Give again, word for word, the line holding "pink floral cropped hoodie - Picture 3 of 3" and every line after it through the end of the data below. Omit pictures.

INFORMATION SUPPLIED section start

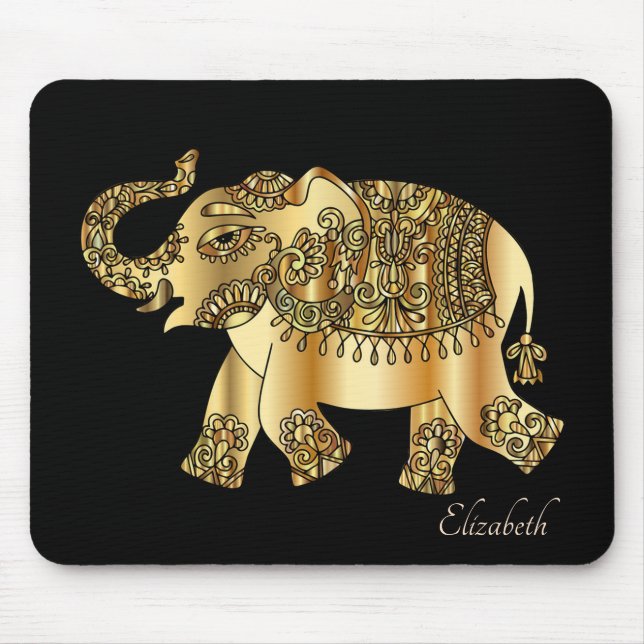 Gold Paisley Floral Elephant- Personalized Mouse Pad (Front)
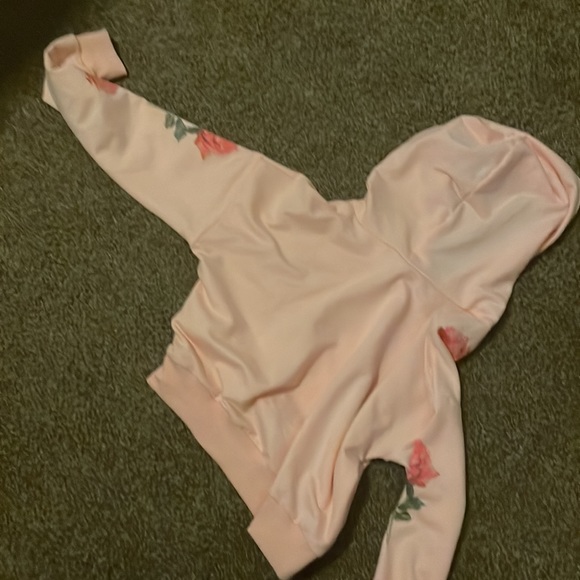 pink floral cropped hoodie - Picture 3 of 3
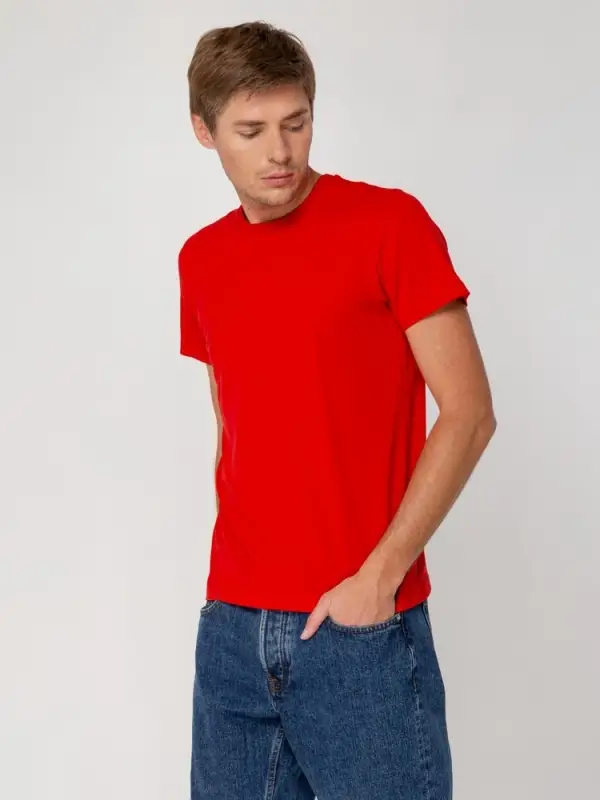 Футболка мужская T-bolka Stretch, красная, размер S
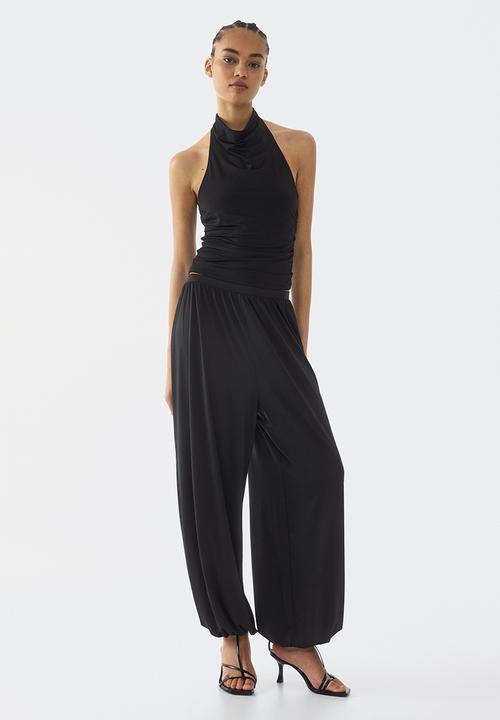 H&M - Gathered halterneck top - black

INFORMATION SUPPLIED section end

RESPONSE TO THE TASK:
 pink floral cropped hoodie - Picture 3 of 3
 Футболка мужская T-bolka Stretch, красная, размер S
 H&M - Gathered halterneck top - black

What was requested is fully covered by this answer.